Le gars au mégaphone nous a dit qu'il y en avait peu à avoir couru aussi loin que nous. Nous étions les meilleurs, chevilles bétonnées et cuisses d'acier, quand tous les gringalets s'étaient écroulés des lieues plus tôt, ou bien avaient joué de paresse et quitté la course dès les étapes préliminaires. Et puis il a pointé l'horizon, que les regards ont pointé à leur tour : au premier qui l'atteint ! Pas de top départ, je n'ai pas levé l'œil que les plus prompts ont déjà bondi.

Taïaut ! Hors de question de les laisser prendre de l'avance : c'est la ruée vers le plus loin, où ça se piétine et pousse dans la cohue. Nous n'en sommes plus aux premiers pas, et sommes bien vite lâchés dans les terres sauvages, foulées par les plus braves seulement. Pour cause ; on nous fait piétiner pieds nus les chardons ardents, les ronces barbelées et les cailloux tranchants, on se déchire la plante pour mieux recroûter la calotte. Ni fleuve ni pic ni bête féroce n'est obstacle suffisant pour nous sonner. Les chemins nous éreintent en égratignures, travaillent la chair et l'affermissent.

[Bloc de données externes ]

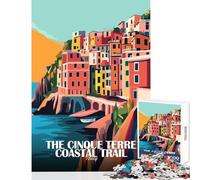Cinque Terre Coastal Trail Italy Poster Hard Jigsaw Puzzle for Adults 1000 Pieces Improve Attention Span And Focus Peaceful Relaxing Leisure Fun (50x75cm)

Le temps s'efface face à tant de défis. Voilà bientôt plus d'un an que je cours, siestant dans les trous d'obus, buvant dans les flaques et guettant la moindre créature comestible sur mon passage. Plus d'un an, et pas un brin plus proche de l'horizon qu'au départ. Et dire que dans quelques mois à peine, les meilleurs des meilleurs se verront ouvrir les portes de l'Aînesse, où l'hydromel coule à flot, où il pleut des lauriers ! D'autres que moi se sont bien mieux appliqués à la tâche cependant, et triment mille lieues devant.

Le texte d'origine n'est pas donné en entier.